**TASK OBJECTIVE**
Print the records below exactly. Omit every picture.

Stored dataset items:
=======

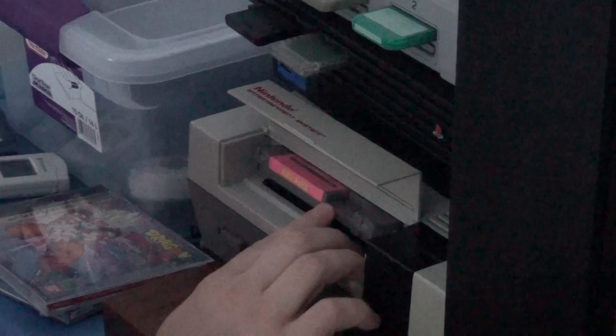You know what's awesome? Ninjas. You know what's better than ninjas? Radical Ninjas. And you know what's better than Radical Ninjas? Video games about Radical Ninjas. Let's talk about Kid Nicky: Radical Ninja for the NES.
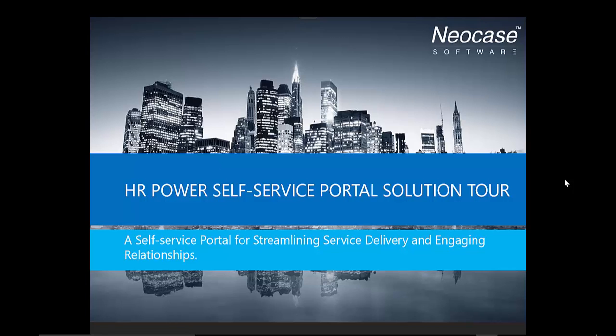Welcome to this Neocase HR Power Self-Service Portal Solution Tour. Over the years, a lot has been said about self-service.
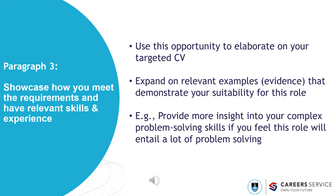In paragraph three, you need to showcase how you meet the requirements and have relevant skills and experience. Use this opportunity to elaborate on your targeted CV — expand on relevant examples or evidence that demonstrate your suitability for this role. For example, provide more insight into your complex problem solving skills if you feel this role will entail a lot of problem solving. The trick here is to show rather than tell the recruiter why you are the candidate for the role.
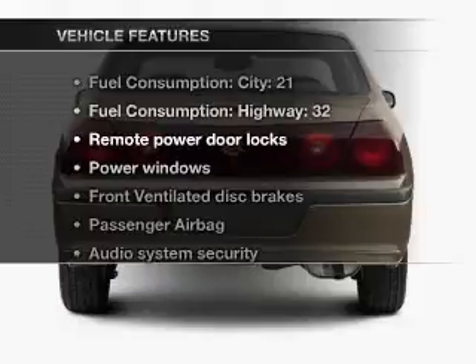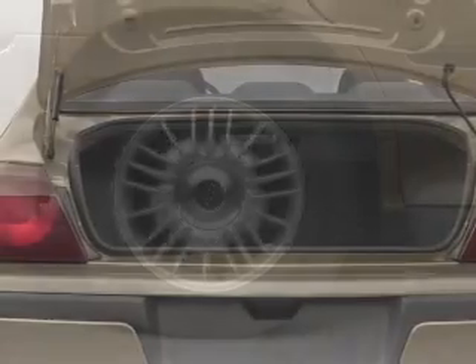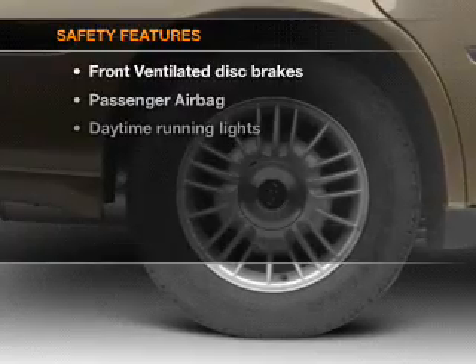Plus, enjoy these notable features that are included in this vehicle: air conditioning, power door locks, power windows, power steering, power mirrors, an AM-FM stereo, and an adjustable tilt steering wheel.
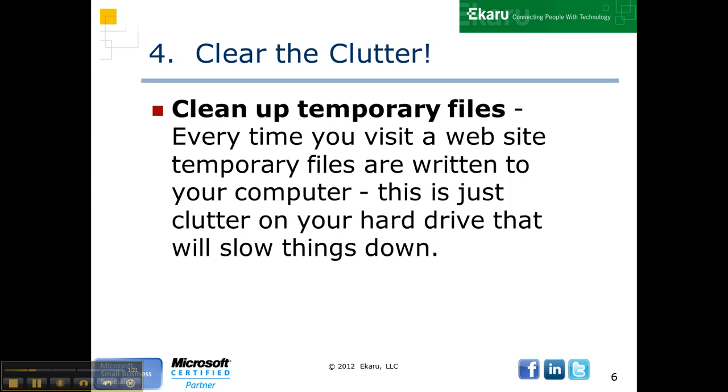Clean up your temporary files. Every single time you visit a website, temporary files are written to your computer, and it's just clutter that slows things down after a while. So go into Internet Explorer and clean out those temp files.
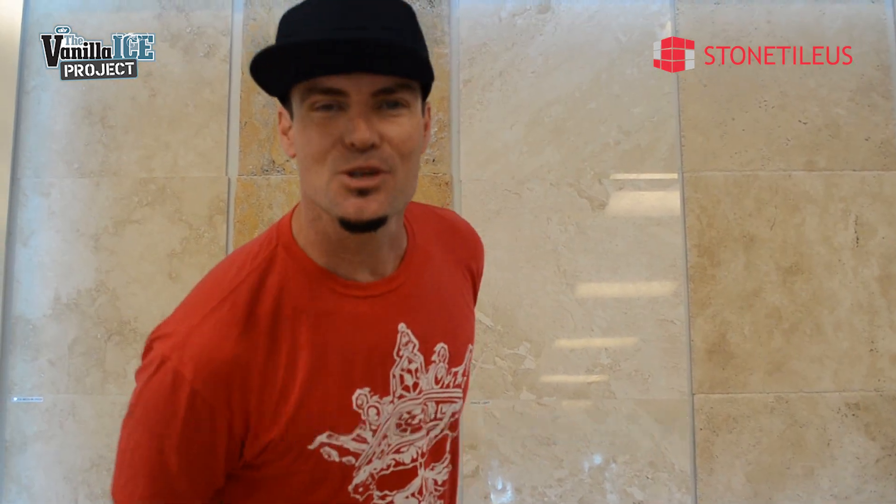So check this out — Stone Tile US. We can deliver this within one week to your house. Free samples. Most other places charge for samples, but you get free samples here. And many colors and sizes and varieties for you to choose from. This is top shelf. If you want the best, go with the best. Stone Tile US.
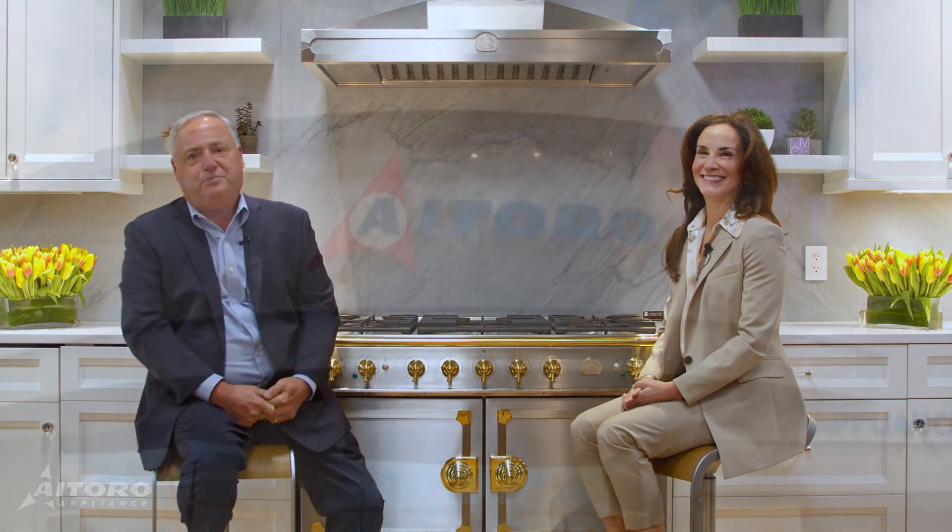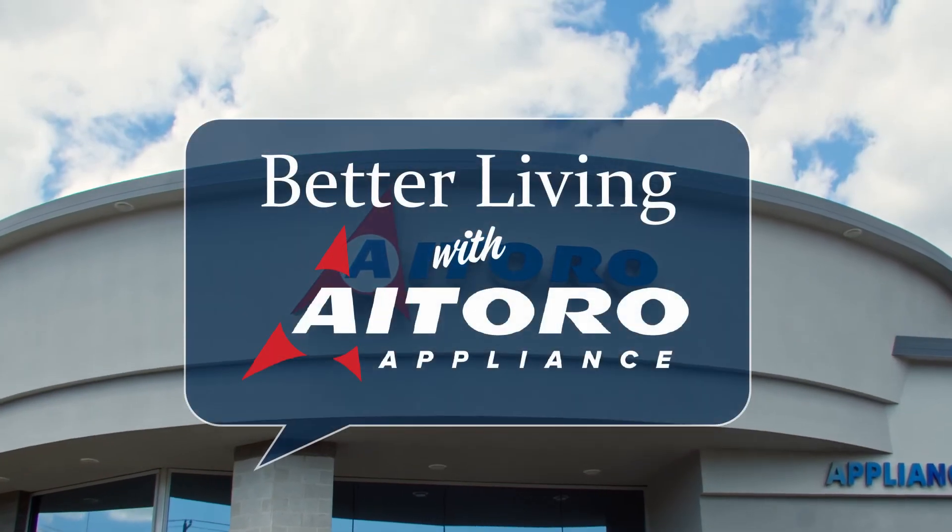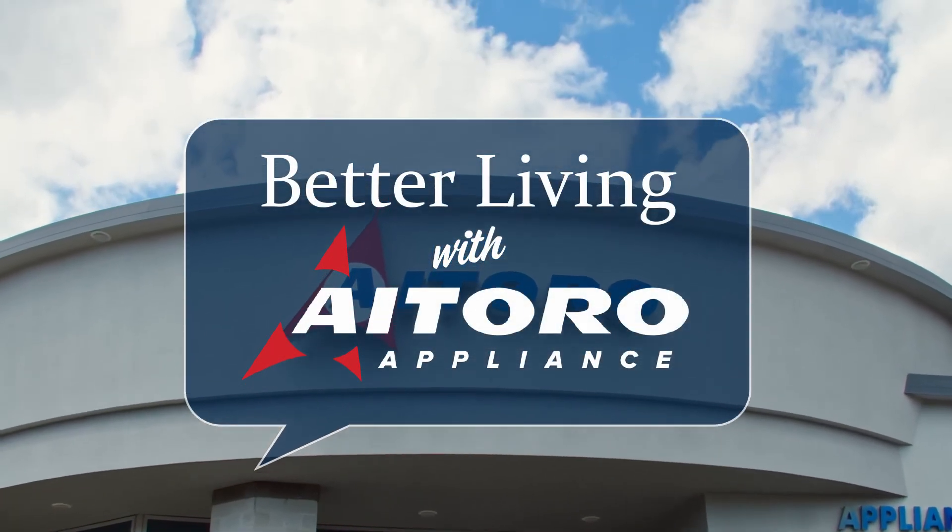Maria, I want to thank you for being here today. I really enjoyed the insight on the new kitchen trends and appliance trends. My pleasure as always, Tony. And thank you all for joining, and please join us for our next episode of Better Living with Aitoro.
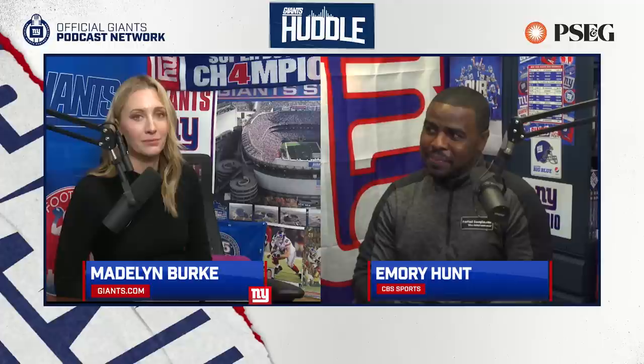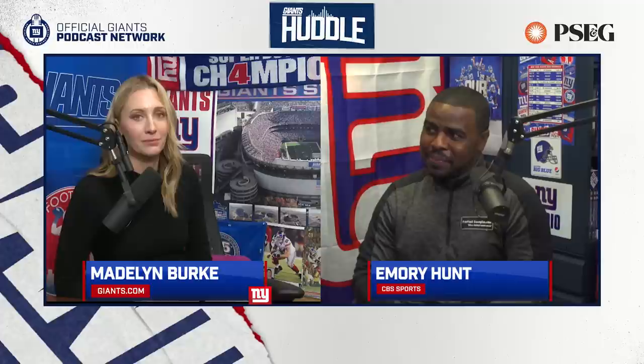Welcome to the Giants Huddle. It's day one of Giants Rookie Minicamp. My name is Madeline Burke. It's a pleasure to be joined by dear friend and football savant from Football Game Plan and CBS Sports, Emery Hunt. Thanks for stopping by. I appreciate you having me — I was just in the area and thought, let me see what the Giants are up to.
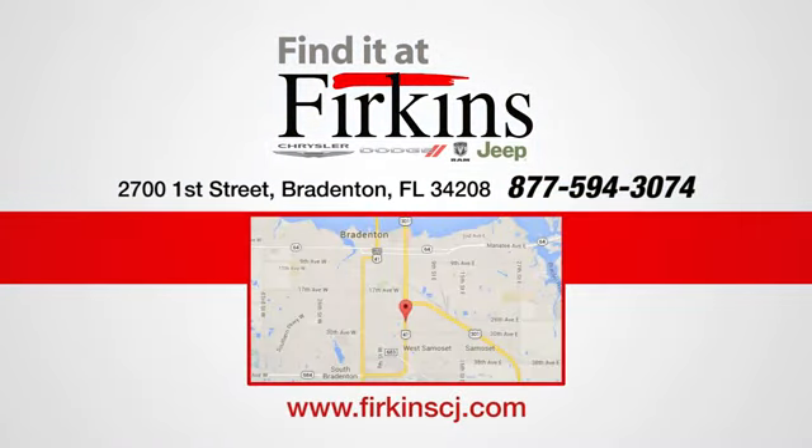Find it at Perkins. Come see us today. We're located between the Red Barn Flea Market and the DeSoto Mall on First Street.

=======

**EXERCISE RESPONSE**
You know what's awesome? Ninjas. You know what's better than ninjas? Radical Ninjas. And you know what's better than Radical Ninjas? Video games about Radical Ninjas. Let's talk about Kid Nicky: Radical Ninja for the NES.
Welcome to this Neocase HR Power Self-Service Portal Solution Tour. Over the years, a lot has been said about self-service.
In paragraph three, you need to showcase how you meet the requirements and have relevant skills and experience. Use this opportunity to elaborate on your targeted CV — expand on relevant examples or evidence that demonstrate your suitability for this role. For example, provide more insight into your complex problem solving skills if you feel this role will entail a lot of problem solving. The trick here is to show rather than tell the recruiter why you are the candidate for the role.
Plus, enjoy these notable features that are included in this vehicle: air conditioning, power door locks, power windows, power steering, power mirrors, an AM-FM stereo, and an adjustable tilt steering wheel.
Clean up your temporary files. Every single time you visit a website, temporary files are written to your computer, and it's just clutter that slows things down after a while. So go into Internet Explorer and clean out those temp files.
So check this out — Stone Tile US. We can deliver this within one week to your house. Free samples. Most other places charge for samples, but you get free samples here. And many colors and sizes and varieties for you to choose from. This is top shelf. If you want the best, go with the best. Stone Tile US.
Maria, I want to thank you for being here today. I really enjoyed the insight on the new kitchen trends and appliance trends. My pleasure as always, Tony. And thank you all for joining, and please join us for our next episode of Better Living with Aitoro.
Welcome to the Giants Huddle. It's day one of Giants Rookie Minicamp. My name is Madeline Burke. It's a pleasure to be joined by dear friend and football savant from Football Game Plan and CBS Sports, Emery Hunt. Thanks for stopping by. I appreciate you having me — I was just in the area and thought, let me see what the Giants are up to.
Find it at Perkins. Come see us today. We're located between the Red Barn Flea Market and the DeSoto Mall on First Street.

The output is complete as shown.